### Instructions to follow
What you produce should be the lines from the line containing "2.00 CT Round" through the last line below, both ends included, reproduced exactly and without pictures.

[Image-caption web data]

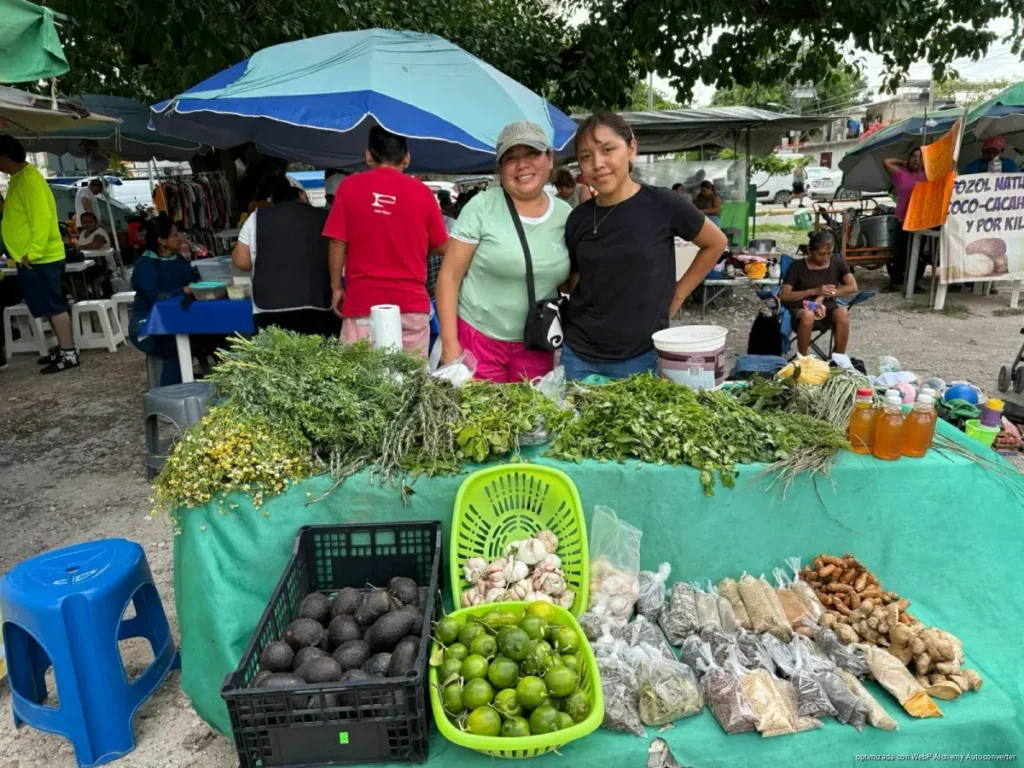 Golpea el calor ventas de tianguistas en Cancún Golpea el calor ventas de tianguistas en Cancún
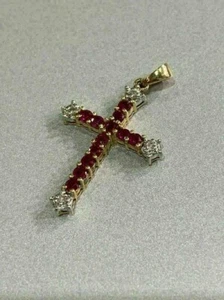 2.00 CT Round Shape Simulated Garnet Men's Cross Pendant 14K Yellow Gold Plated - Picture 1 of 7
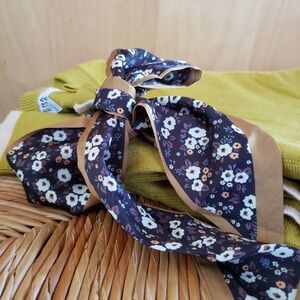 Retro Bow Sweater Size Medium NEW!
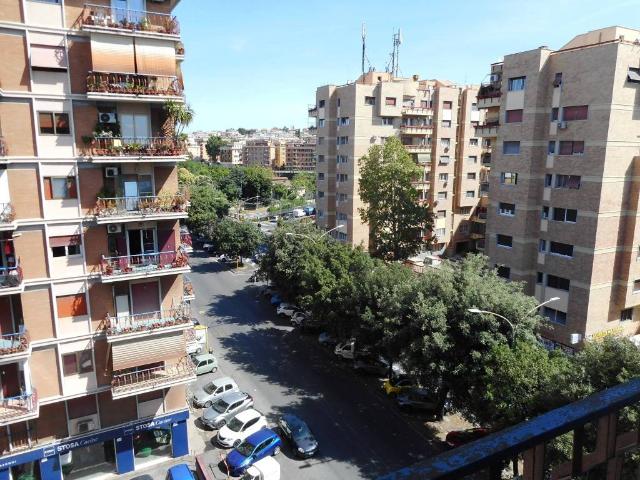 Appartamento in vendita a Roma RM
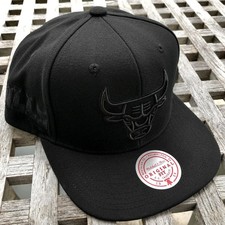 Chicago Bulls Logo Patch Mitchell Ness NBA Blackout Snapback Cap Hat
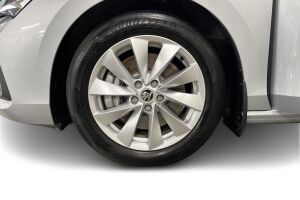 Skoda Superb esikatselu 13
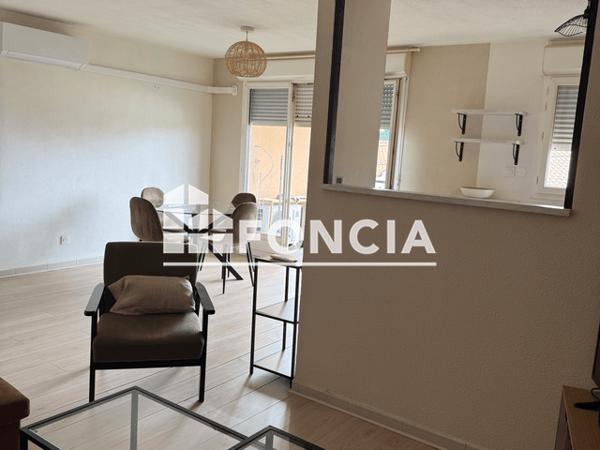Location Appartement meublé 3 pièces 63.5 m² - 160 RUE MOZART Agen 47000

### Answer to the exercise
 2.00 CT Round Shape Simulated Garnet Men's Cross Pendant 14K Yellow Gold Plated - Picture 1 of 7
 Retro Bow Sweater Size Medium NEW!
 Appartamento in vendita a Roma RM
 Chicago Bulls Logo Patch Mitchell Ness NBA Blackout Snapback Cap Hat
 Skoda Superb esikatselu 13
Location Appartement meublé 3 pièces 63.5 m² - 160 RUE MOZART Agen 47000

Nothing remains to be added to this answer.